HOUSTON (CN) - The widow of a truck driver stabbed to death in the cab of his truck by a co-worker cannot hold the men's employer liable, a federal judge ruled.

Willie Valliere and John Church had worked together as team drivers for Schneider National Carriers on a Houston to Memphis route, five nights a week for more than two years, when in November 2009 their heated argument led to Church fatally stabbing Valliere in their truck.

Valliere's widow, Henrika Shillow Valliere, brought a wrongful-death suit against Schneider National Carriers in state court, and the company removed the case to federal court on the basis of diversity of citizenship.

In her petition Valliere claims Schneider was grossly negligent in hiring Church, and not acting on her husband's complaints about Church's behavior.

Schneider moved to dismiss, claiming there is no evidence of malice on its part, which Texas law requires for plaintiff to recover damages. If gross negligence is the proper standard, Schneider said there is no evidence to support a finding that it knew Church was a risk to assault Valliere, yet failed to avoid that risk.

Shillow Valliere claimed Schneider's background check of Church prior to hiring him should have notified it that her husband was in danger of an assault.

Church's history included a 1987 conviction for vehicle theft in Miami and a 2003 misdemeanor battery charge, also in Miami, that was later dismissed. Church also reported on a questionnaire in April 2007 that he tested positive for cocaine use in 1997 but said he had been clean since then.

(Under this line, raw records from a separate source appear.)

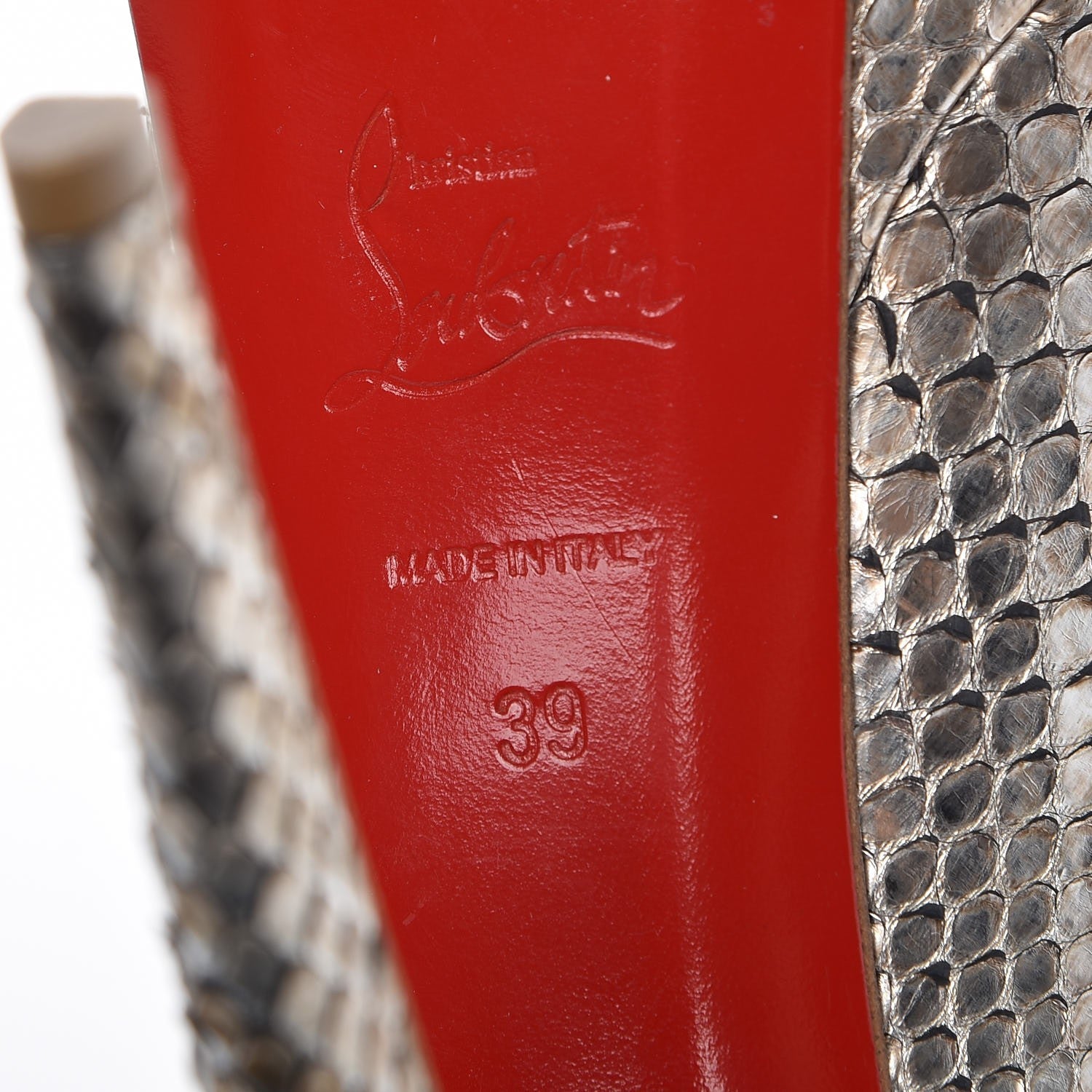 Christian Louboutin Metallic Python Lady Peep 150 Pumps 39 Antique Silver 8 of 10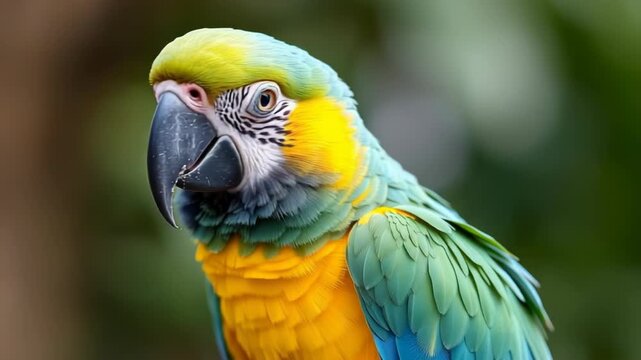 A closeup portrait of a vibrant blue and yellow macaw parrot with detailed feathers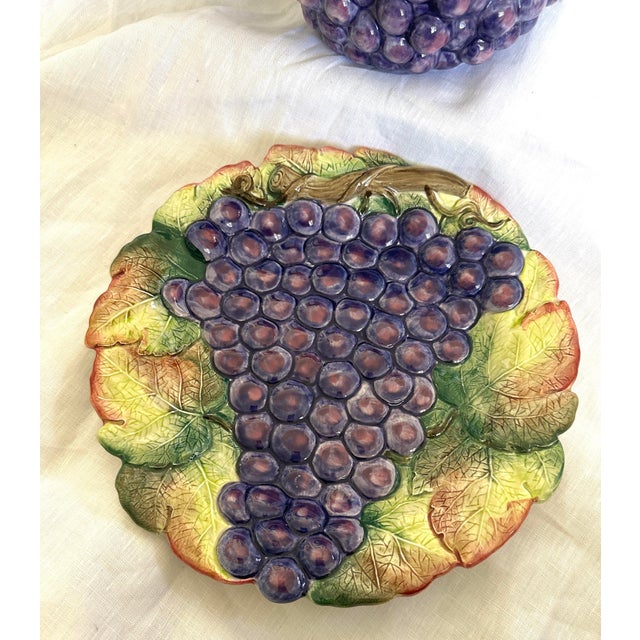 Fitz & Floyd Grape Pitcher W/Matching Cake Plate-a Pair For Sale In Palm Springs - Image 6 of 10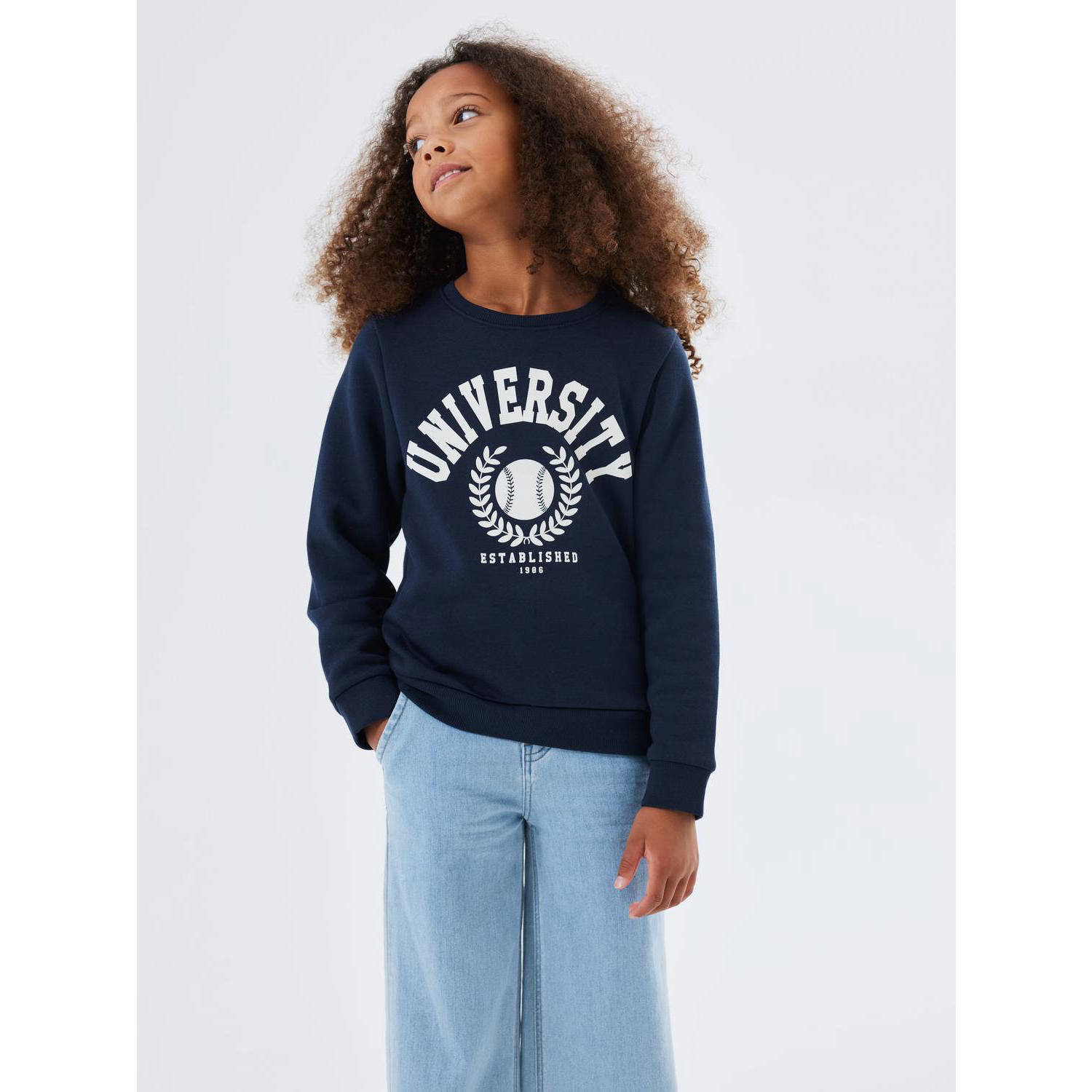 Name it KIDS sweater NKNTILLE met printopdruk donkerblauw Printopdruk 146 152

A Schneider trucking manager gave a declaration in support of the company's motion to dismiss that he never observed any violent tendencies in Church prior to the stabbing, and Valliere had never complained about Church threatening him. The manager said Valliere did complain that he and Church argued about driving schedules, and about Church smoking outside of their truck. Both drivers complained the about their partner's cellphone usage in the truck, and about music being played too loudly, the manager said.

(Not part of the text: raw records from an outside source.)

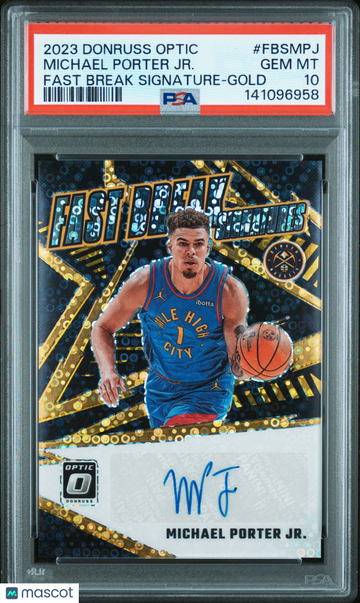 2023 Panini Donruss Optic Fast Break Signatures Michael Porter JR. #FBSMPJ Gold PSA 10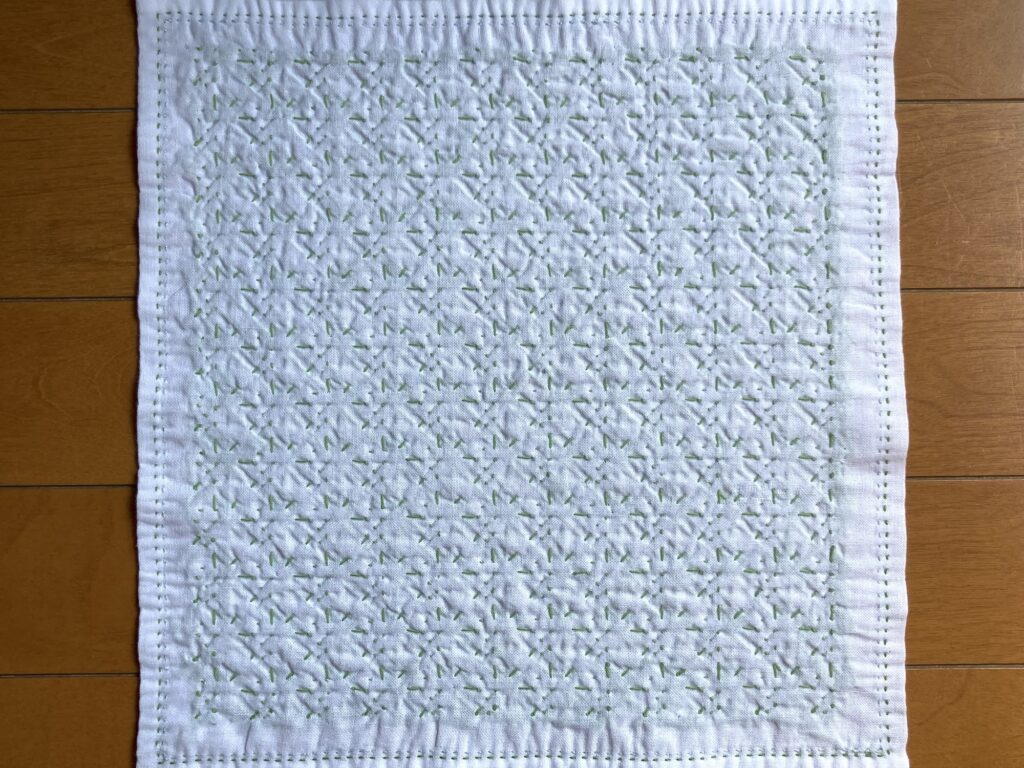 小鳥の花ふきん裏側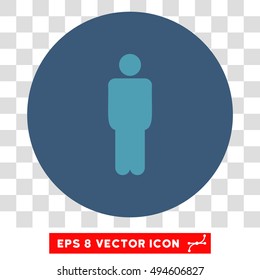 Man round icon. Vector EPS illustration style is flat iconic bicolor symbol, cyan and blue colors, transparent background.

When the manager offered to assign the men solo routes, they expressed a willingness to work out their issues, he said.

Shillow Valliere claims her husband also complained to her about Church smelling like smoke when he got back into their truck after having a cigarette, playing music too loudly while he was sleeping, and honking the truck's horn or hitting its brakes to wake him up.

She concedes she probably knew more about the men's interpersonal problems than any Schneider official, and even she never thought Church would hurt her husband.

In his July 19 opinion granting Schneider's motion to dismiss Shillow Valliere's claims, U.S. District Judge Gary Miller wrote the fact that the drivers worked closely together for two years prior to the stabbing, without a single physical confrontation, or even a threat of a confrontation, shows Schneider had no notice that Church would attack his co-worker.

The three revelations in Church's background check, combined with her husband's complaints about Church, were also insufficient to make Schneider aware of a risk to Vallerie's safety, the judge added.

Miller pointed to precedent established by the 5th Circuit decision in Hall v. Diamond Shamrock Refining, in which a widow sued the oil company for gross negligence after her husband died in a rig explosion 30 years after a similar explosion.

Noting changes Diamond Shamrock had made since the explosion, the 5th Circuit held that the company was not consciously indifferent to the risk of explosions and therefore not guilty of gross negligence.

"Like the possibility of an explosion of an oil rig in Hall, there is always a possibility that an employee will act violently against a co-worker," Miller wrote. "That mere possibility, however, is not enough to establish gross negligence."